My heart leapt when I saw him, and I looked forward to spending an evening messing around with him; chucking food at each other, and maybe playing leapfrog over the gravestones in the graveyard by the church. But he looked at me strangely, and then did a half sneer, and half smile, that made me blush with fury.

"Don't you look the little lady then?" he said. "I bet you'll have all the boys wanting to dance with you later."

I was struck like lightening. How could fate have arranged it that Mike, of all people, would see me in this preposterous dress, and think that boys would want to dance with me in it. The worst thing about it was that he was right. Once I'd managed to eat a miniscule amount of some buffet sort of rubbish that was served up on trays, I was subject to the humiliation of some sort of stupid relay game from all the boys under twenty there. One by one they'd come up to me and ask if I wanted to dance. Well for one thing, if I had wanted to dance, I would have been dancing anyway! And for another, there was no way I was going to even try and dance wearing that bloody basque around my chest. I could hardly breathe, let alone go in for some physical exercise, so I refused them all.

This amused my fellow bridesmaids no end, and they teased me by asking me whom I was saving myself for. Eventually I lost my rag, and told them to piss off and mind their own business. They didn't talk to me after that, which made me happy for a while. Then Mike came over, and smiled at me again. I wondered for a second if he wanted to dance, but he looked to one side of me, and asked one of the other bridesmaids, who, giggling to her friend, accepted. Later I saw them together on the dance floor, kissing and gazing into each other's eyes. Mike was such a bastard. When we were married, I was going to make him pay for this.

I don't know about you, but when I'm bored, it affects time. Like, normally an hour takes an hour doesn't it? But when I'm bored, and hour takes about three hours. On that basis, the evening lasted about three days, and I was nearly asleep when at last, my Mum came over to me, to tell me that it was about time for us to leave.
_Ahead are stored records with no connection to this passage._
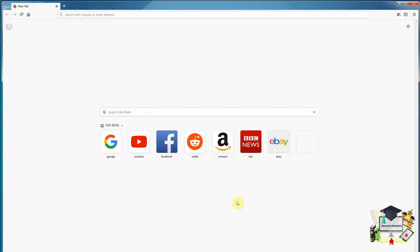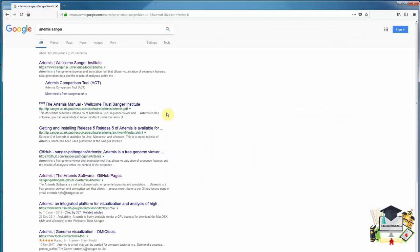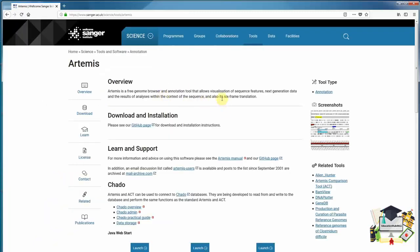The first thing to do is to download the software. To do this, I'll go to my web browser and search for Artemis Sanger. This leads to the top hit, which is the page at the Sanger Institute. This gives brief details of the software and also more advanced details of how to use Artemis. What we need to do is click on the GitHub link to download the software.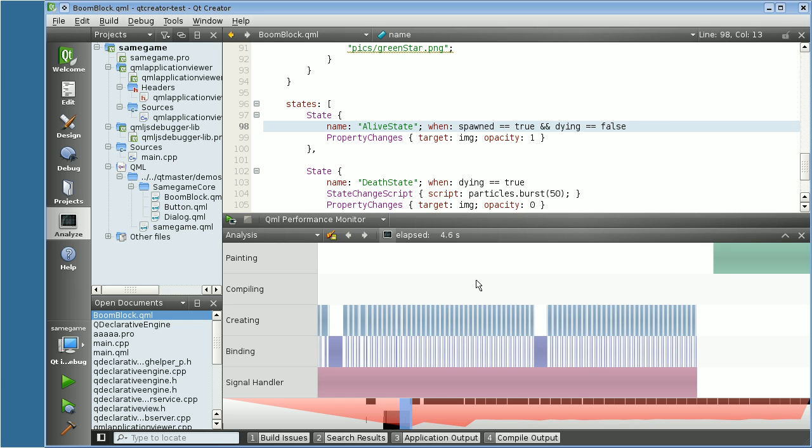This is mostly it. The QML performance monitor is still under heavy development, so probably features are going to change in the coming days, but this is some basic functionality I hope you find interesting. Thank you very much.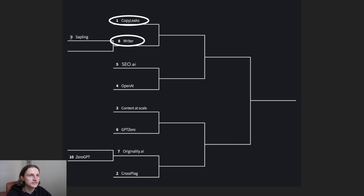Okay, so here is the seeding. So far we can see that Sapling and ZeroGPT have been knocked out, and in today's episode we have Writer up against Copy Leaks.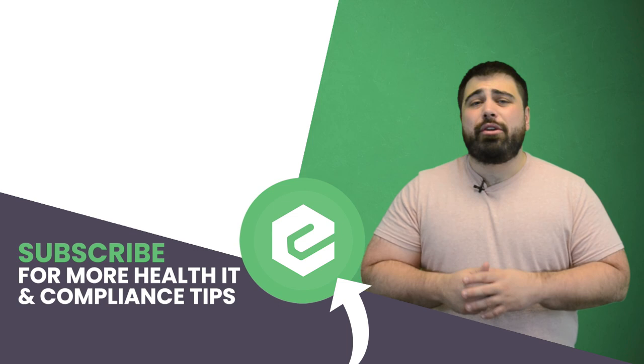And you already made it this far into the video, so you might as well like it, share it, and comment below. But what are you waiting for? Subscribe to our YouTube channel. We'll see you next time.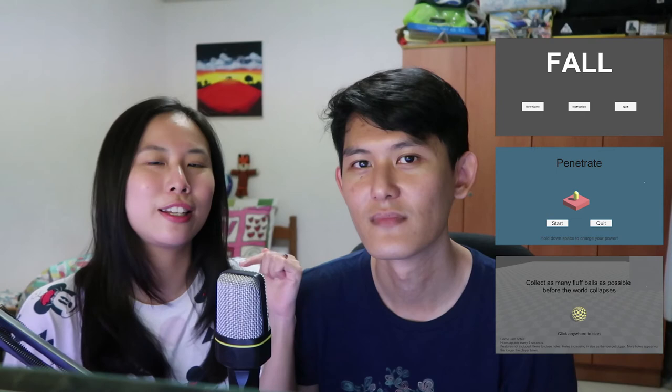We have Fall, Penetrate, and Fluff. Yeah, so if you like any of the games, do cast your vote in the comment section down below. And of course if you do have any feedback, do let us know as well. Cause we really want to know what you think and how we can improve. Yep, so the voting will end on next Sunday which is 25th March. So remember to vote before the date so that your voting will count.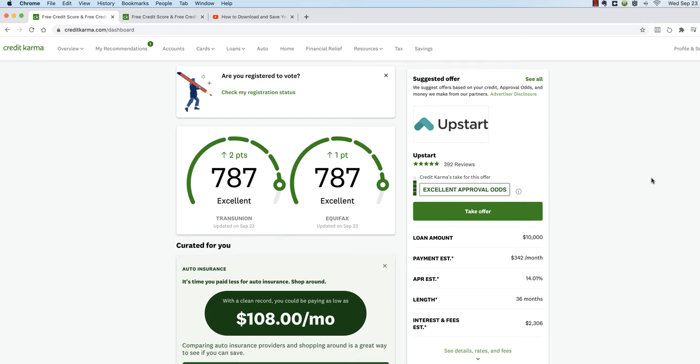In this video I'm going to show you how to download your credit report using Credit Karma from TransUnion and Equifax. You may have done this before but the process has changed recently, so make sure to watch this video all the way to the end where we get to the print portion, because that piece has definitely changed.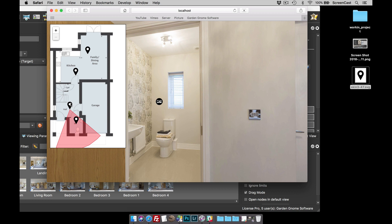Okay, so that's how to use floor plans in Pano2VR. As always, thanks for watching.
Even the leaving took forever. It was apparently tradition that we should say goodbye to all the guests, kiss them, tell them what a wonderful wedding it had been, and stuff like that. Almost all of them took the opportunity to tell me how beautiful I looked, which I hated. Worst of all was saying goodbye to Mike and his new girlfriend. Mum actually had the gall to tell them that they made a lovely couple!

I sat in the back of the car and sulked all the way home. As soon as we arrived, I ran upstairs, and removed the hideous ensemble. The most embarrassing thing about it was that I couldn't get the basque off. I had to call for my Mum to help me out of the bloody thing. She took her time getting up to my room, but eventually did. She told me how proud she had been of me that evening, and how she hoped I'd look as ladylike as that more often now I'd had the chance to try it. Well sod her, I thought. I was never going to wear a dress again, and even less, a flaming Satin Basque. I was really wound up, what with the boredom of the wedding, the humiliation of the dress, and the betrayal by Mike. Someone was going to pay, and that someone would have to be Limp.